What to work on: Beginning with the line that holds "Білий Рено Кліо, об'ємом", copy each line through the end of the material below, exactly and with no pictures.

Recorded information:
= = = =

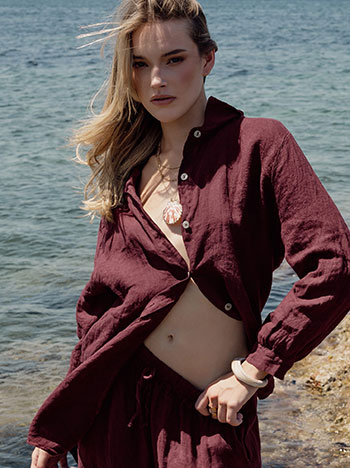 Monochrome linen shirt in wine red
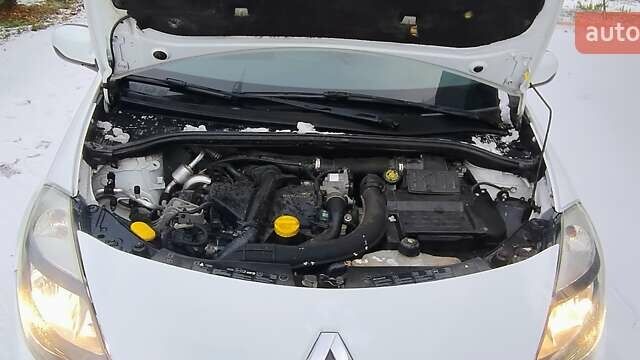 Білий Рено Кліо, об'ємом двигуна 1.46 л та пробігом 215 тис. км за 4600 $, фото 12 на Automoto.ua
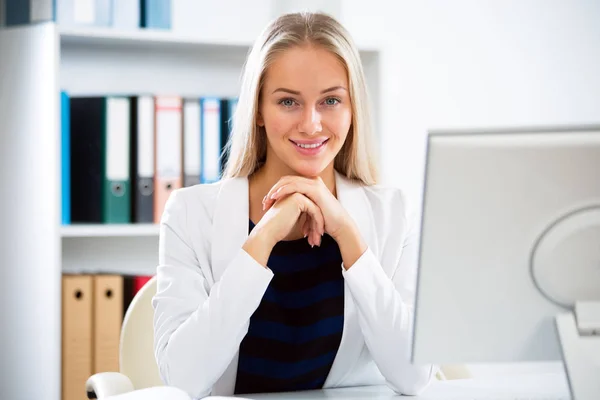 Joven mujer de negocios con computadora — Foto de Stock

= = = =

Expected output:
 Білий Рено Кліо, об'ємом двигуна 1.46 л та пробігом 215 тис. км за 4600 $, фото 12 на Automoto.ua
 Joven mujer de negocios con computadora — Foto de Stock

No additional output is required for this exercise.